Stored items
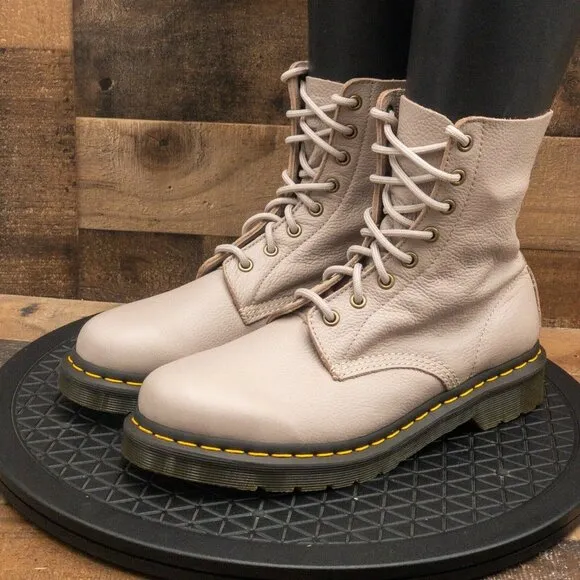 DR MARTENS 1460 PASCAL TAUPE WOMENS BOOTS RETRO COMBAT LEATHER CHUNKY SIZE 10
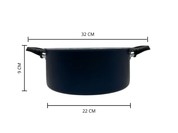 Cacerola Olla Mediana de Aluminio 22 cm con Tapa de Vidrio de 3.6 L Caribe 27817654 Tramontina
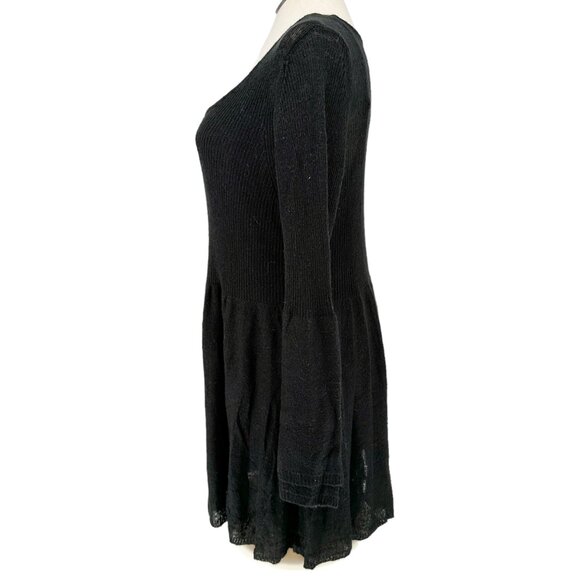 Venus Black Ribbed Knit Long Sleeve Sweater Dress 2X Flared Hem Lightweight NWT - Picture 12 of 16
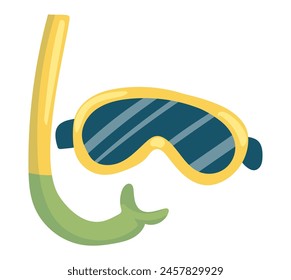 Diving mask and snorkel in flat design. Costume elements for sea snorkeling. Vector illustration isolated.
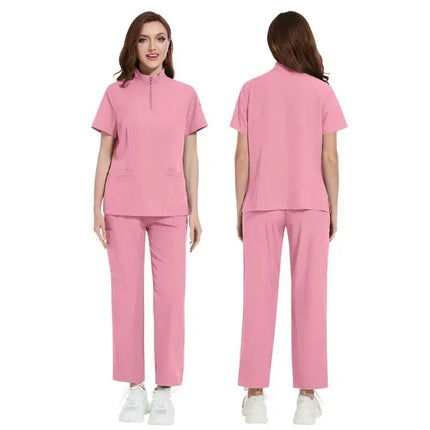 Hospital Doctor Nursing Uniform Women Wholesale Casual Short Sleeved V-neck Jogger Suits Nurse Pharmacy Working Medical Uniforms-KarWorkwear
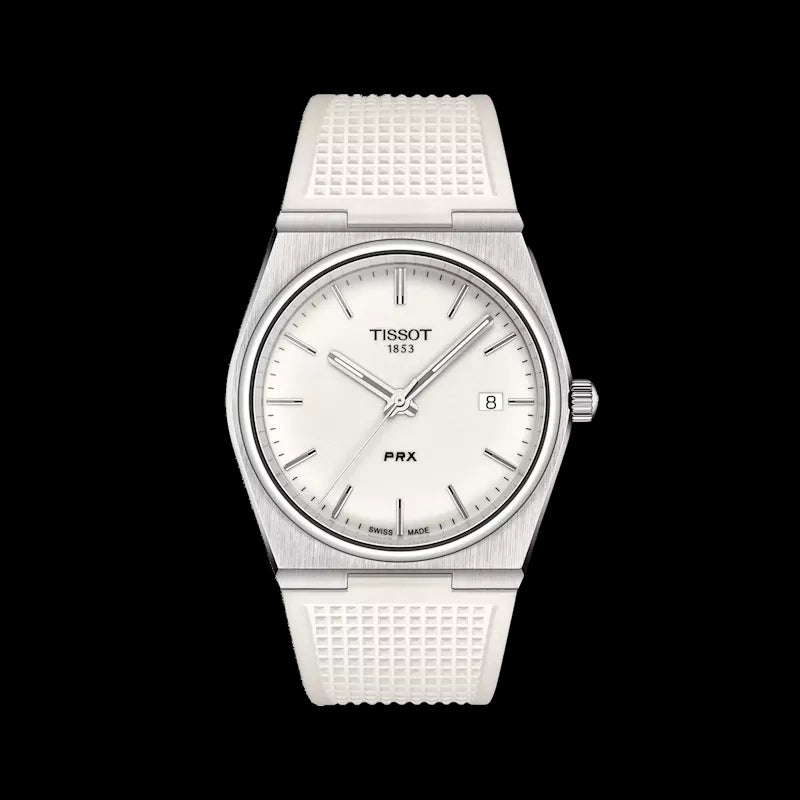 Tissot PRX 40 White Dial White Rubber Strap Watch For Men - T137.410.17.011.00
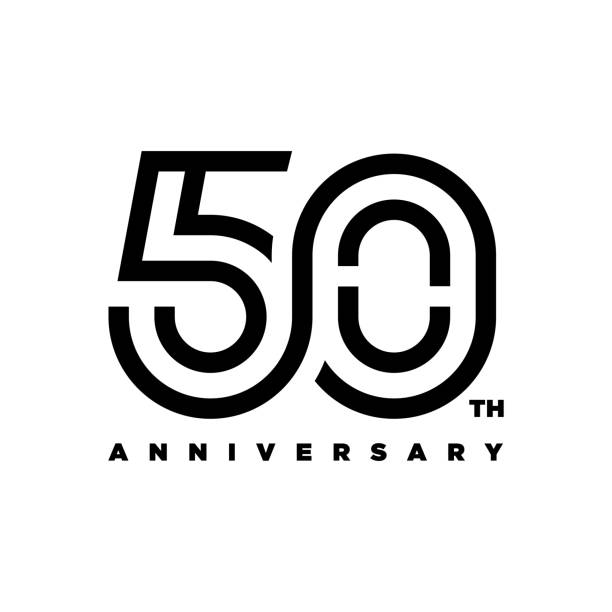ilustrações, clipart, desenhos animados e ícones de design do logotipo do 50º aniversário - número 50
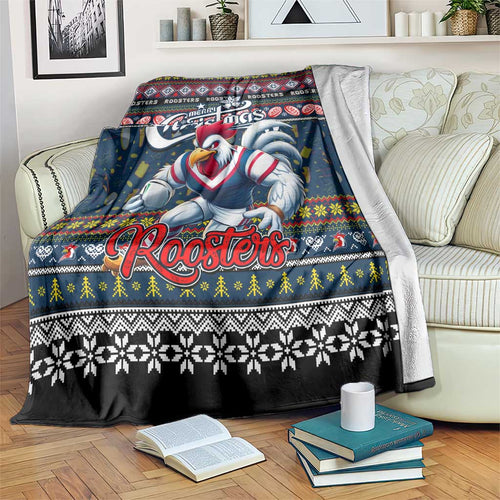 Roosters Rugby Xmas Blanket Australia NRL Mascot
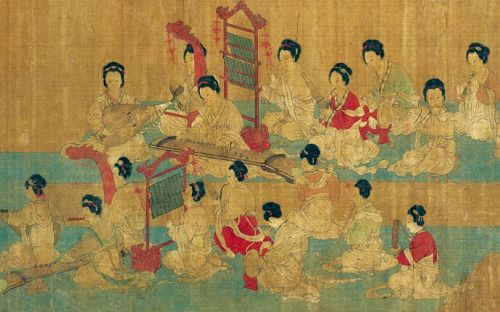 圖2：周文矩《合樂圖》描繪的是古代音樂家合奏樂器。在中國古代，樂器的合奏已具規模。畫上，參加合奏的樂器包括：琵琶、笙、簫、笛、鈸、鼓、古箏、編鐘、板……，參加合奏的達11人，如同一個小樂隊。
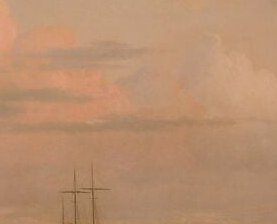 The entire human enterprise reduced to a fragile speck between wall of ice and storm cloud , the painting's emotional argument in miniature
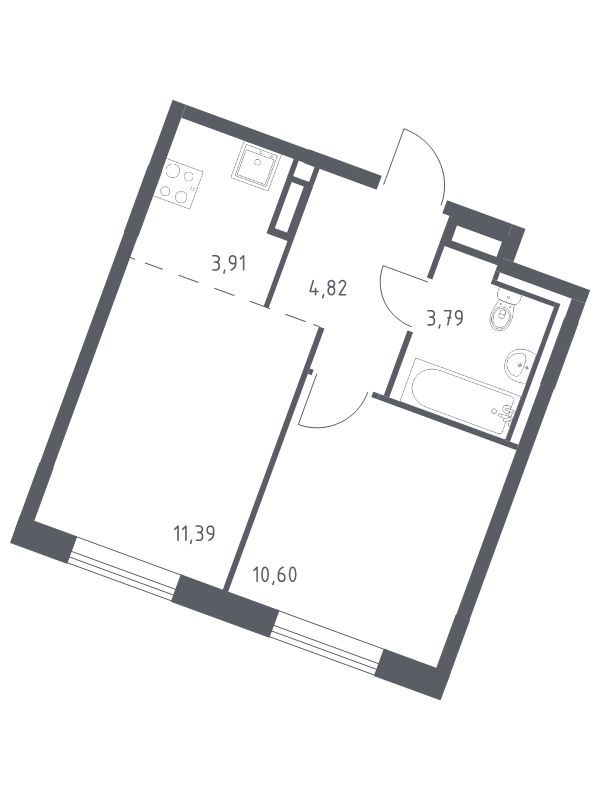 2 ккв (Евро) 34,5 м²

◆ What to work on ◆
The answer must be an exact copy of the records above, with the pictures left out.

◆ Solution to this problem ◆
 DR MARTENS 1460 PASCAL TAUPE WOMENS BOOTS RETRO COMBAT LEATHER CHUNKY SIZE 10
 Cacerola Olla Mediana de Aluminio 22 cm con Tapa de Vidrio de 3.6 L Caribe 27817654 Tramontina
 Venus Black Ribbed Knit Long Sleeve Sweater Dress 2X Flared Hem Lightweight NWT - Picture 12 of 16
 Diving mask and snorkel in flat design. Costume elements for sea snorkeling. Vector illustration isolated.
 Hospital Doctor Nursing Uniform Women Wholesale Casual Short Sleeved V-neck Jogger Suits Nurse Pharmacy Working Medical Uniforms-KarWorkwear
 Tissot PRX 40 White Dial White Rubber Strap Watch For Men - T137.410.17.011.00
ilustrações, clipart, desenhos animados e ícones de design do logotipo do 50º aniversário - número 50
 Roosters Rugby Xmas Blanket Australia NRL Mascot
 圖2：周文矩《合樂圖》描繪的是古代音樂家合奏樂器。在中國古代，樂器的合奏已具規模。畫上，參加合奏的樂器包括：琵琶、笙、簫、笛、鈸、鼓、古箏、編鐘、板……，參加合奏的達11人，如同一個小樂隊。
 The entire human enterprise reduced to a fragile speck between wall of ice and storm cloud , the painting's emotional argument in miniature
 2 ккв (Евро) 34,5 м²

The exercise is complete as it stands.